**Working data:**
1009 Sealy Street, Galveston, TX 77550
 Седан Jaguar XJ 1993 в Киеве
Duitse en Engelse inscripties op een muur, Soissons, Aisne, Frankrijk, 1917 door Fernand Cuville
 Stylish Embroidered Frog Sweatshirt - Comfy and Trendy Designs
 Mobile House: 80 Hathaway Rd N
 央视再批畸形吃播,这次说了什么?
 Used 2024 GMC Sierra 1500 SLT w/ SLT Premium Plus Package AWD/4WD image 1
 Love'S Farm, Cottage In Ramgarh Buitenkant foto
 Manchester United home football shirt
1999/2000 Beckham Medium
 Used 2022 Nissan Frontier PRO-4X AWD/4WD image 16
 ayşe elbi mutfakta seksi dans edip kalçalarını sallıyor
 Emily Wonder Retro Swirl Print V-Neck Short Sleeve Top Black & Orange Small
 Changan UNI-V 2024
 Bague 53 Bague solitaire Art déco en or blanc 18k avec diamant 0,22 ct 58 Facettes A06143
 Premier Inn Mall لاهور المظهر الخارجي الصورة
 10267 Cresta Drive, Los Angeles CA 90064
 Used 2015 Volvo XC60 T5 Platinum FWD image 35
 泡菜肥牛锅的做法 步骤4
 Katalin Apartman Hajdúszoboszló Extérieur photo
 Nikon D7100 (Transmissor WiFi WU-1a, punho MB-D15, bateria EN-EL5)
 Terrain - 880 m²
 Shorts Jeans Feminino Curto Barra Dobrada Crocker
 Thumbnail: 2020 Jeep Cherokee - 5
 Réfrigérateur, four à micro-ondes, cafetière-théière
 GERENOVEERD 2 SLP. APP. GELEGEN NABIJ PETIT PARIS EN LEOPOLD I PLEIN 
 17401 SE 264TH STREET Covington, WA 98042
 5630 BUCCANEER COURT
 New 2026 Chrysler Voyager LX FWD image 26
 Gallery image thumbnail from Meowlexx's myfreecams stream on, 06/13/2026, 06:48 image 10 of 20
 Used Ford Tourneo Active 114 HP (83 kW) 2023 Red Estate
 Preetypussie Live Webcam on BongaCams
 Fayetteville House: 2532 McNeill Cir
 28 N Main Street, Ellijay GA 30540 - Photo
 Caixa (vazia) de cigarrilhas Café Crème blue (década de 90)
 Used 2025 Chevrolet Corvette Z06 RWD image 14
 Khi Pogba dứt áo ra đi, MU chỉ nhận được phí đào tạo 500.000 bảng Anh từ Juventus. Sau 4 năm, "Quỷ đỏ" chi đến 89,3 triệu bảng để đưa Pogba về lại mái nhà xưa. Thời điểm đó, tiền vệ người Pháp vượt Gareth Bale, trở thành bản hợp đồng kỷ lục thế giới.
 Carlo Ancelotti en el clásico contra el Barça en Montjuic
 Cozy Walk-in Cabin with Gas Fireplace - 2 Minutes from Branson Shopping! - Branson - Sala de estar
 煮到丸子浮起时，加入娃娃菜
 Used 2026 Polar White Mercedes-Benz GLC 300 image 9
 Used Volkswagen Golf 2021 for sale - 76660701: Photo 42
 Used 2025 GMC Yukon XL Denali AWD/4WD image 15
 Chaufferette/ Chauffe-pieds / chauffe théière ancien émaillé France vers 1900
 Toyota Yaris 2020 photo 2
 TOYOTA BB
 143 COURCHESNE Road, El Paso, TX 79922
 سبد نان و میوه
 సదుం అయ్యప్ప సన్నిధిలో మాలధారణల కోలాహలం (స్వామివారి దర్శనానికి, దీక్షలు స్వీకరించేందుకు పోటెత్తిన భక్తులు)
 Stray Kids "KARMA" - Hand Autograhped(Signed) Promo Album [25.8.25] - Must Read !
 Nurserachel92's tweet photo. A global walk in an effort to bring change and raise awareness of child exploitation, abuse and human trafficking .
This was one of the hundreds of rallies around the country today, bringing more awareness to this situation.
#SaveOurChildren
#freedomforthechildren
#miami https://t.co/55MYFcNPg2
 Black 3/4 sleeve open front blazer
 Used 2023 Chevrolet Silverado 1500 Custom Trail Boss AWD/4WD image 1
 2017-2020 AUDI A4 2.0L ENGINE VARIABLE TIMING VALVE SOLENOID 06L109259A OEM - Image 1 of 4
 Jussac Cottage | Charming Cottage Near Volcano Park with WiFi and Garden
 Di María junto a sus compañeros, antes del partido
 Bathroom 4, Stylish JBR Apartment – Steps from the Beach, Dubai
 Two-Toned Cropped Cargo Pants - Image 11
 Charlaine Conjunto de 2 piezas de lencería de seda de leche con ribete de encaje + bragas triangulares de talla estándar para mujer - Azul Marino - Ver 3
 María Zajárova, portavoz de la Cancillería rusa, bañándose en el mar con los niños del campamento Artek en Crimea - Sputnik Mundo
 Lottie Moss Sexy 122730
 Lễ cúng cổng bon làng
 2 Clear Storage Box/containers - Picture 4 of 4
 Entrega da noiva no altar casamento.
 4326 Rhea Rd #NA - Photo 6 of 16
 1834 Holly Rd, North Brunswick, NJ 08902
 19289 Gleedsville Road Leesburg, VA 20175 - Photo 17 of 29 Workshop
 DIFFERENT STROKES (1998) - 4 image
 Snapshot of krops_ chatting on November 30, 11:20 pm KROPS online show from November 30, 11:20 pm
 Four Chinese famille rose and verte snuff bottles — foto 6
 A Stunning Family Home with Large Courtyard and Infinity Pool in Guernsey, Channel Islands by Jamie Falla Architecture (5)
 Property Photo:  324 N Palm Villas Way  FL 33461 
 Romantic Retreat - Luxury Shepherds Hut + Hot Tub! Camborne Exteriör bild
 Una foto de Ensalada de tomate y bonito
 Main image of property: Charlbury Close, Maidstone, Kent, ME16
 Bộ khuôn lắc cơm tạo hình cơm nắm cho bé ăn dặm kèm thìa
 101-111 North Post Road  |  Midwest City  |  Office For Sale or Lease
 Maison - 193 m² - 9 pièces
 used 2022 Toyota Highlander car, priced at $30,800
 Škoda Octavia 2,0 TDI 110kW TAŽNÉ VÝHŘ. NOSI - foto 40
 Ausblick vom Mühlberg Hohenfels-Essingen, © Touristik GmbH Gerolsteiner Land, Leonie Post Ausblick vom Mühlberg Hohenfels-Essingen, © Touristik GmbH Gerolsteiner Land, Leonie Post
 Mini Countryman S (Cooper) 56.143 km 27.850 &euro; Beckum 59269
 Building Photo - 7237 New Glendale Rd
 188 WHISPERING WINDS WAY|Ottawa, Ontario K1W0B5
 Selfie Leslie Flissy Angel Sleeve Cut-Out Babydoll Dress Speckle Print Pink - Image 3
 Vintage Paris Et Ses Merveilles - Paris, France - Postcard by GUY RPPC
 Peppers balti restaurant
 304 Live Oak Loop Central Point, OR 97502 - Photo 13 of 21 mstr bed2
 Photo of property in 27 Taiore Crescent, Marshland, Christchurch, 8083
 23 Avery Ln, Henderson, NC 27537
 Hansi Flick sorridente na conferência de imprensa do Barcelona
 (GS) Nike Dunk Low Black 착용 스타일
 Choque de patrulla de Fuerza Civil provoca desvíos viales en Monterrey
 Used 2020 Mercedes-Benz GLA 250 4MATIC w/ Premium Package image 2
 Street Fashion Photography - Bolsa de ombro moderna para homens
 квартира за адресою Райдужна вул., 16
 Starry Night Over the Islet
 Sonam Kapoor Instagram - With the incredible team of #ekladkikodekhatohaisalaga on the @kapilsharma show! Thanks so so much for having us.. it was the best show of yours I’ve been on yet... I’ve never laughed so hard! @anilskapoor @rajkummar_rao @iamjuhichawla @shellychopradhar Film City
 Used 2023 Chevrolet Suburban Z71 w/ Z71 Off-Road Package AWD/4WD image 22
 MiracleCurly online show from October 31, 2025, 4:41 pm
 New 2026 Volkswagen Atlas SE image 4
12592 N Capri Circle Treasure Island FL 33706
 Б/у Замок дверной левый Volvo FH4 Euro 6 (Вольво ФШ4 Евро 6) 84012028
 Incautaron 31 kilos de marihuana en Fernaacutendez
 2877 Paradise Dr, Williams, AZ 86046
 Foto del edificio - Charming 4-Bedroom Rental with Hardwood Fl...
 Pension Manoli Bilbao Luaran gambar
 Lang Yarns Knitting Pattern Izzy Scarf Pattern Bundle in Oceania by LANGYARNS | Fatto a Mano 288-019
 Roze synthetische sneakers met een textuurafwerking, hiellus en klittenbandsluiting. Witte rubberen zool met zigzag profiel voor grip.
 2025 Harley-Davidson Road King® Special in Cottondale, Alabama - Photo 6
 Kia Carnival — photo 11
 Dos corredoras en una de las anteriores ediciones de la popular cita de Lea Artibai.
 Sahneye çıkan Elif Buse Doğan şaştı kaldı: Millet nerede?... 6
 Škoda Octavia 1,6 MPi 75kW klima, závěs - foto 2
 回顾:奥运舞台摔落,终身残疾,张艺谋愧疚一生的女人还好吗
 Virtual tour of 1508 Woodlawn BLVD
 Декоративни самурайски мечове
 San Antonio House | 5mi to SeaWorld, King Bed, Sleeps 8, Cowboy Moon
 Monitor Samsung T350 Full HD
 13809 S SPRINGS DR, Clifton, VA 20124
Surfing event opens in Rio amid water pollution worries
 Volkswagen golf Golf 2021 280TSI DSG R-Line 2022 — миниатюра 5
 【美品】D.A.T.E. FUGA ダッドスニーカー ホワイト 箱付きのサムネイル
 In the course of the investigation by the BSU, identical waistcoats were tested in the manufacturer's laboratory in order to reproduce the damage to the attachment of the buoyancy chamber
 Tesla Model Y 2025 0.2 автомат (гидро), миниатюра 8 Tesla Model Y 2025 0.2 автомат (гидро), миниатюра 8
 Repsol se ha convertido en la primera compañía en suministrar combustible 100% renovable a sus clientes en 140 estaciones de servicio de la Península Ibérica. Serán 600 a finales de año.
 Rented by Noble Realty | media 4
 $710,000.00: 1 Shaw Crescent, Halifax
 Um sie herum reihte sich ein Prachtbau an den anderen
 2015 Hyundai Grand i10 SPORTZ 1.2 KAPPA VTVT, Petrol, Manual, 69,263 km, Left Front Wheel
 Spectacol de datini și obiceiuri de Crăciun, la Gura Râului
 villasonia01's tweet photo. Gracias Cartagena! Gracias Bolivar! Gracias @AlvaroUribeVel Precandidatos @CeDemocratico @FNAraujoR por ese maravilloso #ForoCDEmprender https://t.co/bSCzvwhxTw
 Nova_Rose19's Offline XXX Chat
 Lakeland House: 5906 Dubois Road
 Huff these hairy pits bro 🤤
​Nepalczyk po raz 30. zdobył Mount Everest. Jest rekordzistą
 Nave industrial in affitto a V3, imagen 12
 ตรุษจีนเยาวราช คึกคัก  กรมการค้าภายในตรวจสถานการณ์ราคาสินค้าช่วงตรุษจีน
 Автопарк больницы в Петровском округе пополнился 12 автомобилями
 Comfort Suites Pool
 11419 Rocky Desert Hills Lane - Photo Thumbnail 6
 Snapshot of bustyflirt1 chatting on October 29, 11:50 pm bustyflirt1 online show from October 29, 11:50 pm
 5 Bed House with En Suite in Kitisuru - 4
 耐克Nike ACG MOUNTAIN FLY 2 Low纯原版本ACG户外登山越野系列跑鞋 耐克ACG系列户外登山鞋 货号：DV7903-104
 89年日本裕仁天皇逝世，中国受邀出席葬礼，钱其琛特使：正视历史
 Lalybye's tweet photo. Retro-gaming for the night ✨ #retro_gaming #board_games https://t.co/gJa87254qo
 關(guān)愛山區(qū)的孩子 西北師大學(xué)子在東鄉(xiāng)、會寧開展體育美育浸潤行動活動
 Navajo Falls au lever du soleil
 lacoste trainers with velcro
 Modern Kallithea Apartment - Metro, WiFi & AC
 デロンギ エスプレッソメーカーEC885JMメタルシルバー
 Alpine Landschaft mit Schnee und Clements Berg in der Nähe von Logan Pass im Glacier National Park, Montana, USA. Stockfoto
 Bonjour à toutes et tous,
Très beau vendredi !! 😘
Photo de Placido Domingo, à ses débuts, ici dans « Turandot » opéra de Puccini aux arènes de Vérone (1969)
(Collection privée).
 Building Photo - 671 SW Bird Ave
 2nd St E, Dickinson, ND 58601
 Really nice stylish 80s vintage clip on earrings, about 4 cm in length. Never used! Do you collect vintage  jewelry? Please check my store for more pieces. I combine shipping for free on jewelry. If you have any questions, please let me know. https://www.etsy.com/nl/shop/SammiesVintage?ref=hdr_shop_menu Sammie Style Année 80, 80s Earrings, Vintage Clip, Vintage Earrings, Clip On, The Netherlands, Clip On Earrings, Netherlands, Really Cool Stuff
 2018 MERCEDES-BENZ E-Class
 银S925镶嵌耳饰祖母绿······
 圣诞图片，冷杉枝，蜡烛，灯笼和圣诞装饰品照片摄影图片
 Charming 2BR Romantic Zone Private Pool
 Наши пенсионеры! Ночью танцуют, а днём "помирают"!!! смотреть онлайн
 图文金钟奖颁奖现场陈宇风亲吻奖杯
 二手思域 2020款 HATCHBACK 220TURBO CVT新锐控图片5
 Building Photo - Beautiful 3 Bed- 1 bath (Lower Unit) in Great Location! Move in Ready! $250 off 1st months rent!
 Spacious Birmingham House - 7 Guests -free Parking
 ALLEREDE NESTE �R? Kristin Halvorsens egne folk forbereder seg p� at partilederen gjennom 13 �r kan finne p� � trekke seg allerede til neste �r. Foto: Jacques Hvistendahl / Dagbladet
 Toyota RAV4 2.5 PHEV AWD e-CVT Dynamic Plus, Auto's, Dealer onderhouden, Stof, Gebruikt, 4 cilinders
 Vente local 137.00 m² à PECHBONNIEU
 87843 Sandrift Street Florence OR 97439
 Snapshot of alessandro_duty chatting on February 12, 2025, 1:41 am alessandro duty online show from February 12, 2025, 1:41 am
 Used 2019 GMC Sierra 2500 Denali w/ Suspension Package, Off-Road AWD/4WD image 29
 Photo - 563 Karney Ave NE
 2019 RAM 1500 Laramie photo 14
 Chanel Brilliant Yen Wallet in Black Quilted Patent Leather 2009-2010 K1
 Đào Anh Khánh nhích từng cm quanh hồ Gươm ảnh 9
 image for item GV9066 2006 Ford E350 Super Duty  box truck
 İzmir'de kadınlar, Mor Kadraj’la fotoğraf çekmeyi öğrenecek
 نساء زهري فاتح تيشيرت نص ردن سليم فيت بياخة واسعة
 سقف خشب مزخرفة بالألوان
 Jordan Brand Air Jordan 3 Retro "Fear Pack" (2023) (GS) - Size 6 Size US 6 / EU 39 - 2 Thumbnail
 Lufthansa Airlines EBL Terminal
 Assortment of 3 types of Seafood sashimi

**Required action:** Could you restate, word for word, the lines above from the one with "Vente local 137.00 m² à PECHBONNIEU" to the one with "سقف خشب مزخرفة بالألوان", both included?

**The answer:**
 Vente local 137.00 m² à PECHBONNIEU
 87843 Sandrift Street Florence OR 97439
 Snapshot of alessandro_duty chatting on February 12, 2025, 1:41 am alessandro duty online show from February 12, 2025, 1:41 am
 Used 2019 GMC Sierra 2500 Denali w/ Suspension Package, Off-Road AWD/4WD image 29
 Photo - 563 Karney Ave NE
 2019 RAM 1500 Laramie photo 14
 Chanel Brilliant Yen Wallet in Black Quilted Patent Leather 2009-2010 K1
 Đào Anh Khánh nhích từng cm quanh hồ Gươm ảnh 9
 image for item GV9066 2006 Ford E350 Super Duty  box truck
 İzmir'de kadınlar, Mor Kadraj’la fotoğraf çekmeyi öğrenecek
 نساء زهري فاتح تيشيرت نص ردن سليم فيت بياخة واسعة
 سقف خشب مزخرفة بالألوان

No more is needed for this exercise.